◆ **Directions**: Where the line containing "国***哥金丝楠木小叶桢楠木" appears, begin retyping; continue exactly through the final line of the data. Omit every picture.

[Image-text web data]

────────

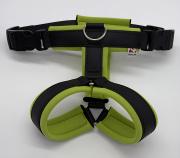 Klicken zum Vergrössern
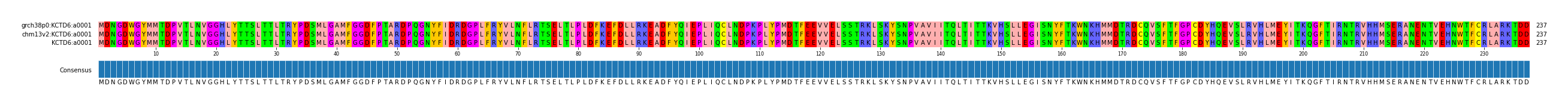 Multiple Alignments (by translate haplotype similarity)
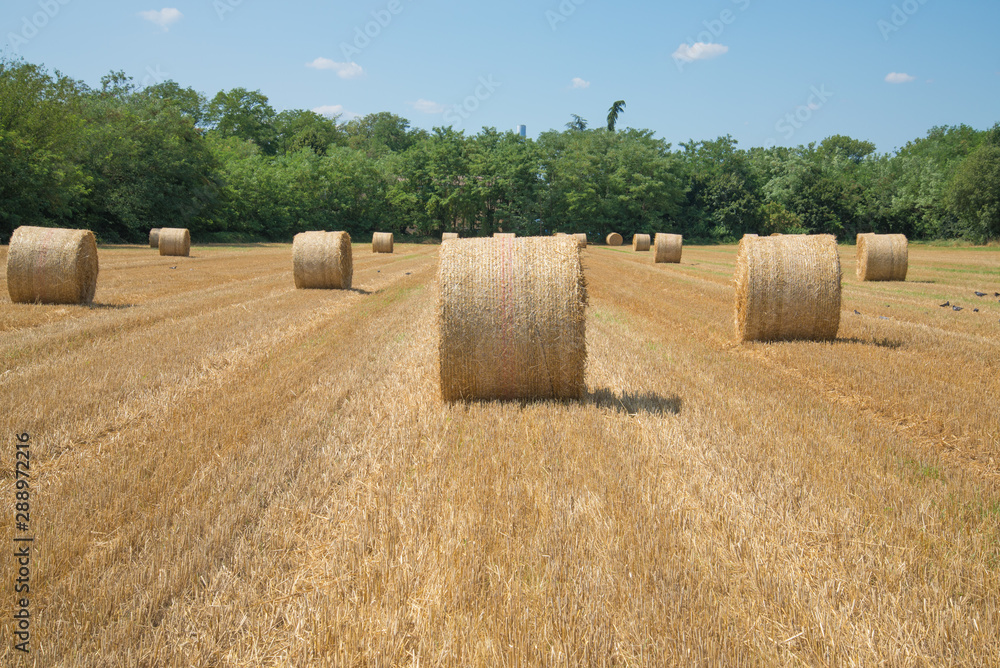 Hay sheaf in the farmland outside Milan, Italy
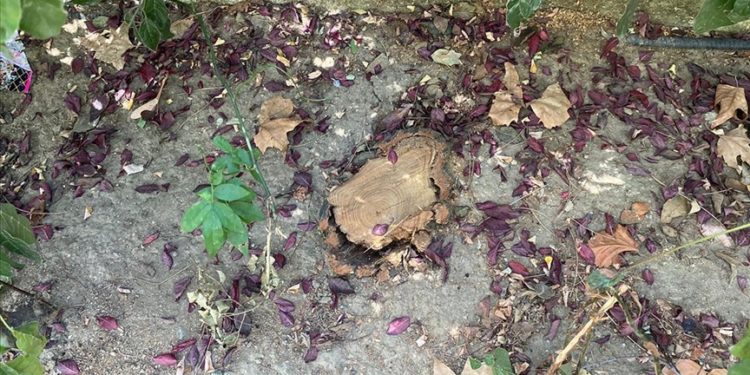 Beşiktaş Abbasağa Parkı’ndaki bakımsızlık, vatandaşların tepkisine neden oldu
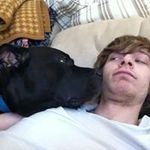 Dan Carini - @carinidan - Instagram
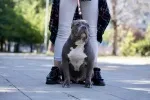 Slika 2
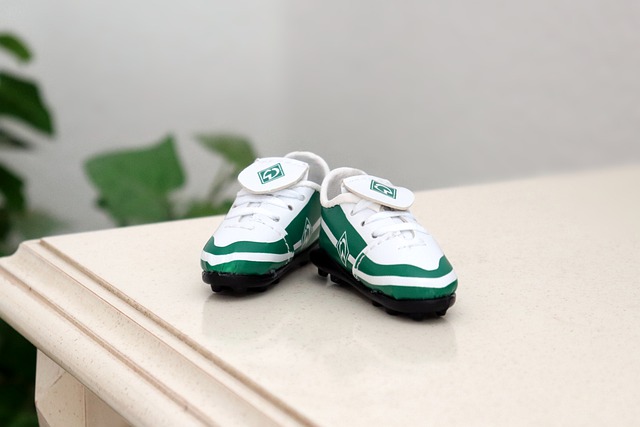 的双重保障 的双重保障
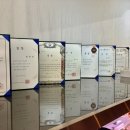인생 에그파이 에그타르트
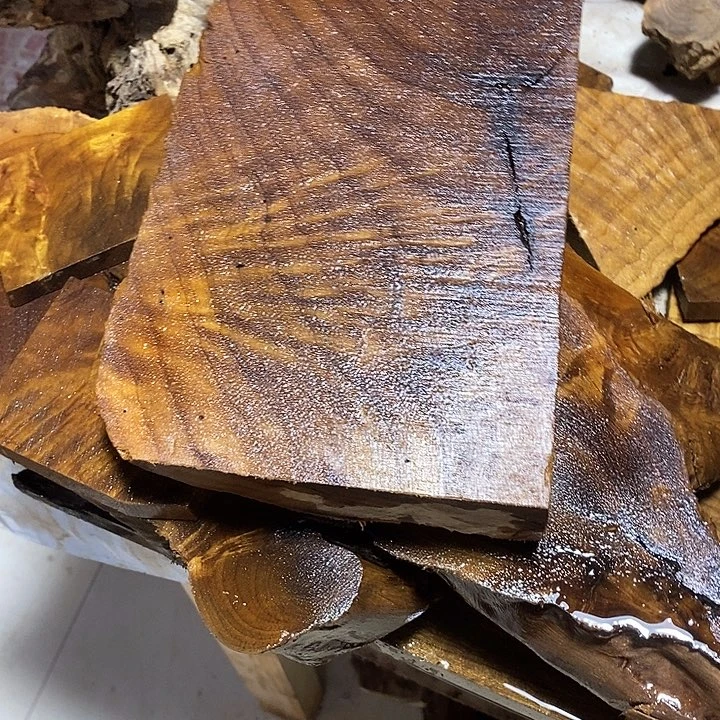 国***哥金丝楠木小叶桢楠木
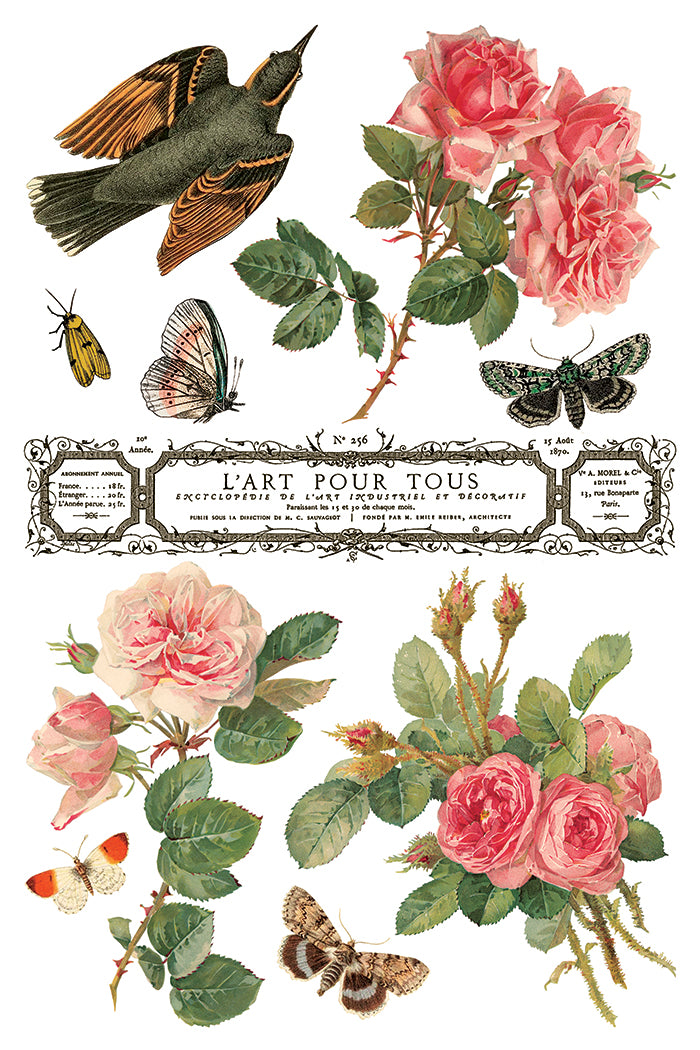 By Any Other Name 8x12 IOD Transfer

────────

◆ **Written answer**:
 国***哥金丝楠木小叶桢楠木
 By Any Other Name 8x12 IOD Transfer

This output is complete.